T2DM is influenced by nutritional deficiencies, genetic factors, epigenetic influences, and environmental conditions.4 Methy-lenetetrahydrofolate reductase (MTHFR) is an essential enzyme that changes 5, 10-methylenetetrahydrofolate into 5-methyltetrahydrofolate. The metabolism of homocysteine (Hcy) and folate in the human body is crucial for the remethylation Hcy to methionine, helping to maintain Hcy levels within the normal range. The short arm of human chromosome 1 (1p36.3) contains the Methylenetetrahydrofolate reductase gene.5 The two primary single-nucleotide polymorphisms (SNPs) are rs1801133 (Ala222Val) and rs1801131 (Glu429Ala). These genetic variations decrease the effectiveness of MTHFR enzymatic activity, impairing the breakdown of Hcy and leading to elevated circulating Hcy levels. High Hcy levels are associated with oxidative stress (OS), which disrupts the methylation process and impairs nitric oxide production. Individuals with these two variations of the MTHFR gene may experience a significant reduction in methyl folate synthesis, which is approximately 17% for MTHFR [rs1801131(A1298C)] and up to 70% for MTHFR [rs1801133 (C677T)]. This decrease in folate availability threatens DNA stability and interferes with methylation pathways or DNA methylation. The interaction between MTHFR SNPs, Hcy levels, and folate deficiency contributes to various health complications, including DM, diabetic foot ulcers (DFU), gestational diabetes, thrombosis, coronary artery disease, nephropathy, retinopathy, microangiopathy, and neuropathy.6 MTHFR polymorphism shows a stronger association with T2DM in Asians than in European and African populations.7 The [rs1801133 (C677T)] and [rs1801131 (A1298C)] polymorphisms of the MTHFR gene have been extensively studied for their risk regarding T2DM, though conflicting  results  have  emerged.8

The genetic variation between healthy individuals, T2DM, and patients with foot ulcers can vary significantly across different populations. No research has been conducted on the association between the MTHFR gene polymorphisms and healthy individuals and those with diabetes, both with and without foot ulcers, in Karachi, Pakistan. This study was conducted to explore the potential links between the MTHFR SNPs (rs1801133 and rs1801131) and the risk of developing T2DM, as well as the likelihood of foot ulcer development among diabetic individuals  in  Karachi,  Pakistan.

METHODOLOGY

The research was conducted at the Department of Physiology, Baqai Medical University, Karachi, Pakistan, from June 2023 to June 2024. The Ethics Committee approved the study, and the Board of Advanced Studies and Research at the Baqai Medical University, Karachi, Pakistan, provided approval on July 12, 2023 (Ref: BMU-EC/01-2023). A targeted sampling method was used to select individuals eligible for the research during this period. The OpenEpi online tool was used to determine the sample size.9 The population prevalence of MTHFR was used to get a total sample size of 138.10 The confidence level was set at 95%, with a power of 1% significance level. The inclusion criteria included Pakistani nationals, healthy adults (based on HbA1c and FBG levels), type 3 diabetes patients who had been diagnosed for more than six months, and patients with DFU (ischaemic or neuropathic). The exclusion criteria included patients with type 1 diabetes, complications of diabetes such as ischaemic heart disease, retinopathy, nephropathy, and stroke (except for cases involving foot ulcers), pregnancy-induced diabetes or gestational DM, and those who diagnosed with deep vein  thrombosis  (DVT)  or  ulcers.

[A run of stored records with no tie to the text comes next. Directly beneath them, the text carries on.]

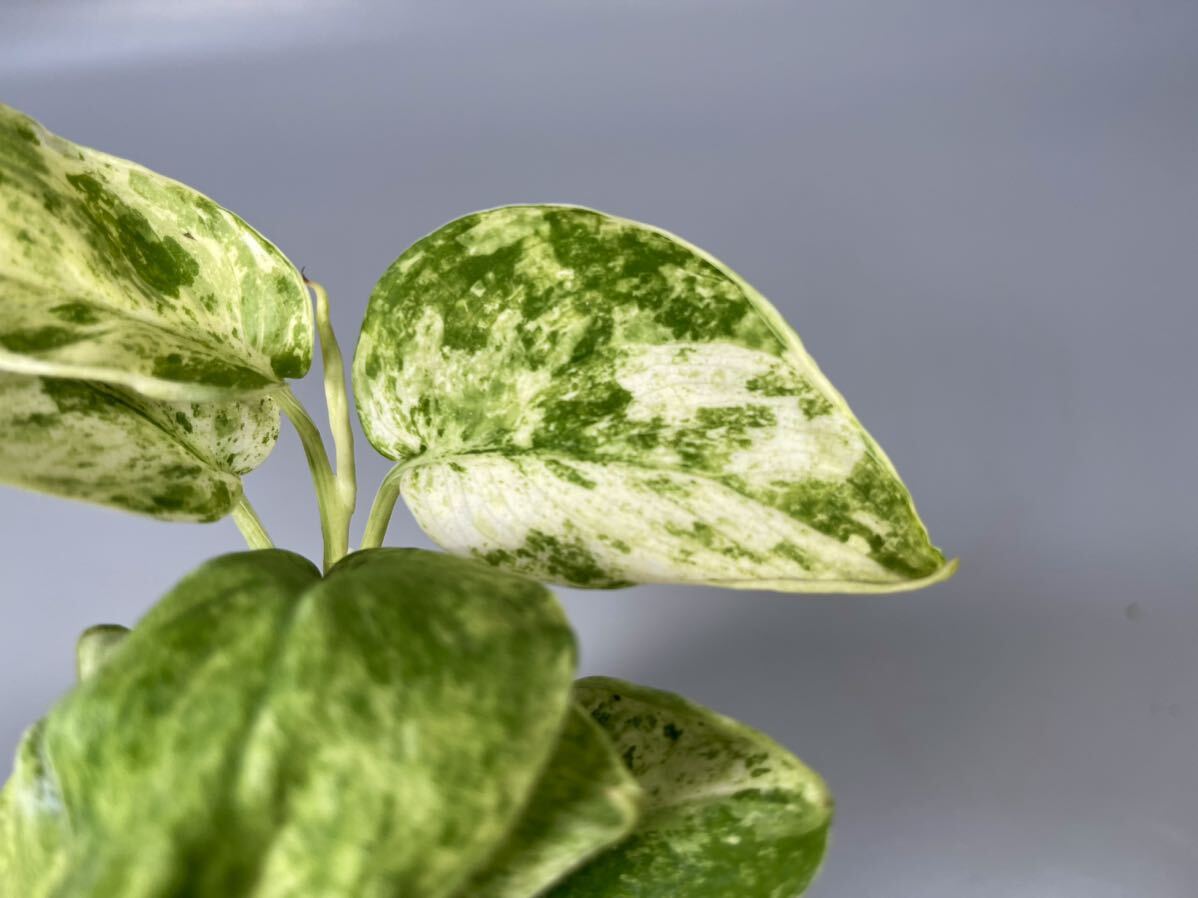 「33」スキンダプサス ジェイド サテン マーブルクイーン 斑入り Scindapsus Jade Satin Marble Queen Variegated_画像2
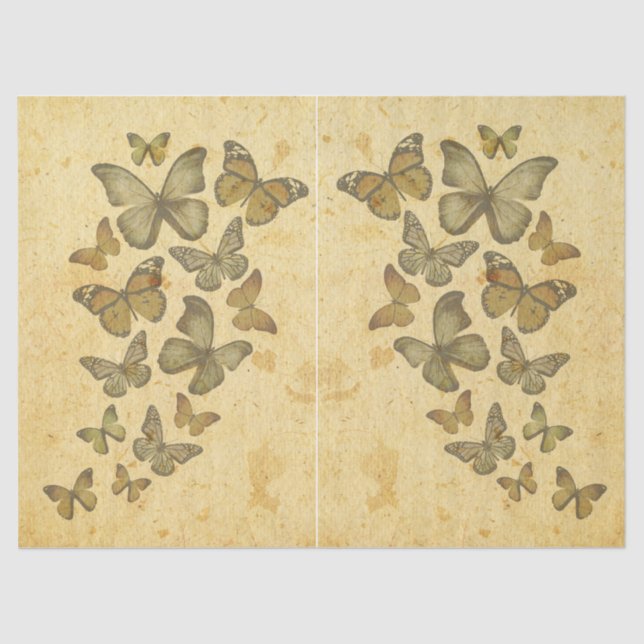Vintage Rustic  Distressed Butterfly Butterflies Tissue Paper (Front)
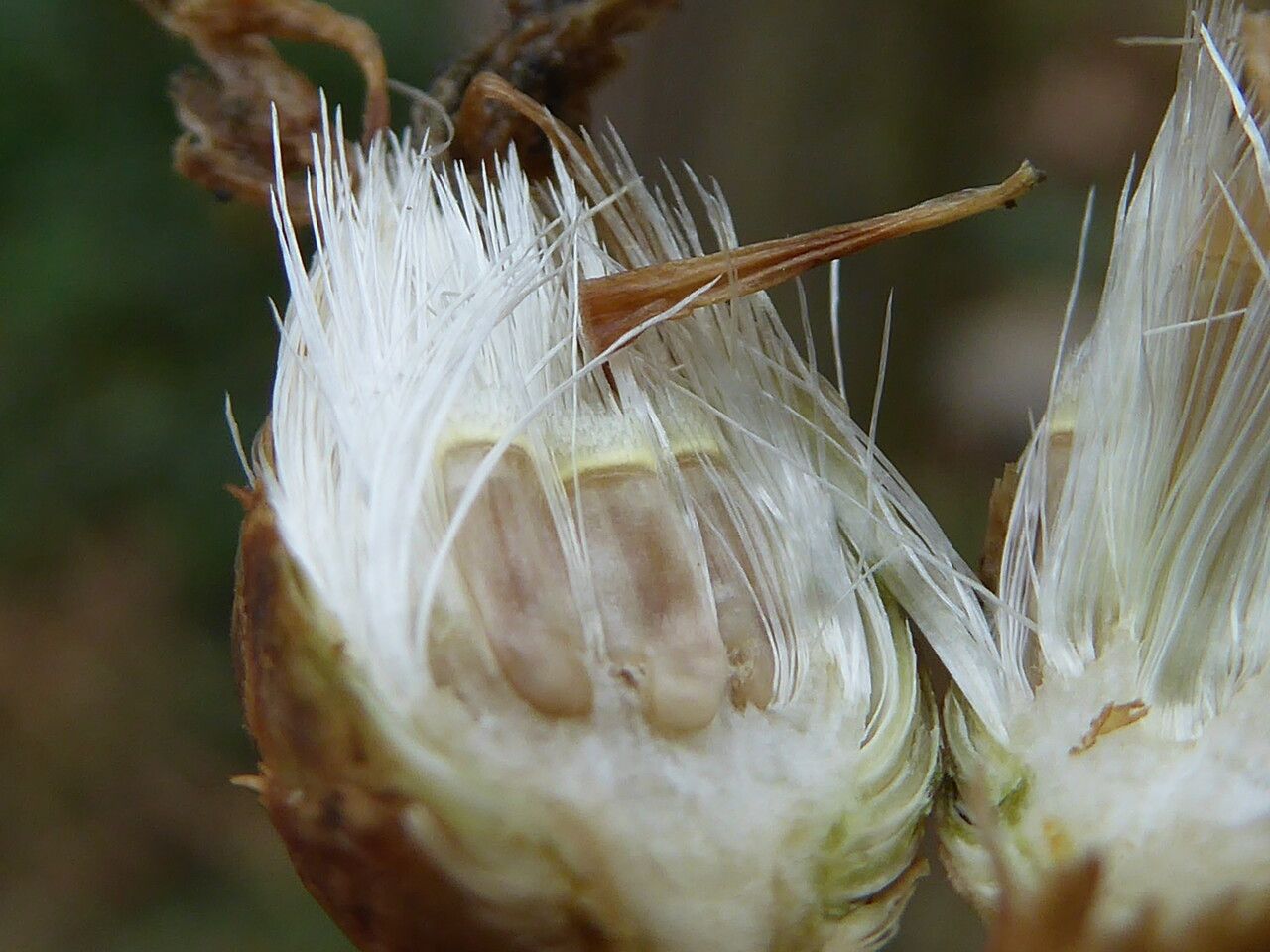 Centaurea aspera fruit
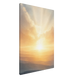 0b52699d-1a2e-4a23-93b3-2e8d4acc9c11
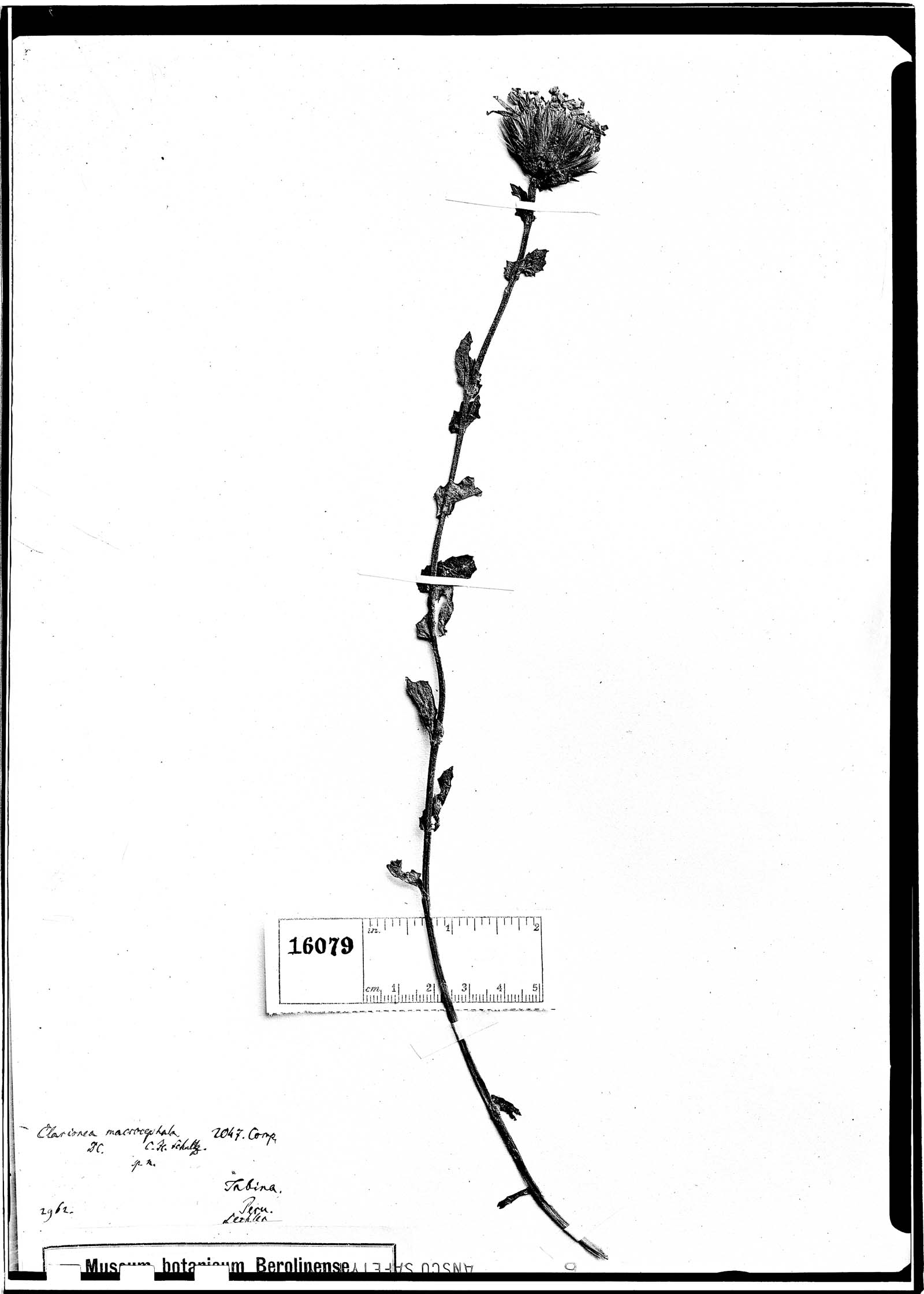 Perezia macrocephala image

All eligible participants were informed about the objectives and nature of the study. Consent was obtained from all the participants prior to taking the blood samples. Individuals with insulin-dependent DM were excluded from the study. Participants’ data, including demographic information, anthropometric measurements such as body mass index (BMI), and details regarding family history, including diabetes, cardiovascular disease, thrombosis, recurrent pregnancy loss, neural tube defects, and male infertility, as well as genetic polymorphisms related to the MTHFR enzyme. Blood samples were collected in EDTA CP bottles, and the results of the genetic tests were communicated  directly  to  participants.

A total of 138 participants were chosen and screened for two mutations (rs1801133 and rs1801131). As directed by the GJC DNA purification kit, blood samples were collected to isolate genomic DNA. The results showed the average DNA concentration was between 80 and 100 ng/µL. The genotype of the MTHFR gene variant (rs1801131) was determined using the amplification refractory mutation system-polymerase chain reaction (ARMS-PCR) technique.11 This method utilised four primers to amplify three DNA fragments with sizes of 414 base pair (bp), 220 bp, and 244 bp. One primer set generated an amplicon for the C allele (244 bp band), while the other set produced an amplicon for the A allele (220 bp band) in order to produce allele-specific amplicons.

rs1801131-in-F 5'-GGGGAGGAGCTGACCAGTGAGGA-3.
rs1801131-in-R 5'-AAAGAACGAAGACTTCAAAGACACCTG-3.
rs1801131-ou-F 5'-GAGTCAGGGGCAGAATTTACAGGAATG-3.
rs1801131-ou-R 5'-TTCTCCCTTTGCCATGTCCACAG-3.

For the MTHFR gene's [rs1801133 (C677T)], the temperature at which rs1801133 was integrated was 56°C. Rotational temperatures of 50°C for rs1805087 and 57°C for rs662 were employed for rs1801133. For these samples, there were no touchdowns in the results. After a 45-second annealing period, the temperature was maintained at 72°C for one minute. Additionally, 41 to 45 cycles were performed at 95°C for 45 seconds each, following a seven-minute relaxation period. Using specific primers, the outer region of the MTHFR gene was amplified, producing a 224 bp fragment that helps to regulate DNA integrity. While the primers F0 and RI amplified the T allele, producing a 177 bp fragment, the primers FI and Ro generated a 101  bp  fragment  corresponding  to  the  C  allele.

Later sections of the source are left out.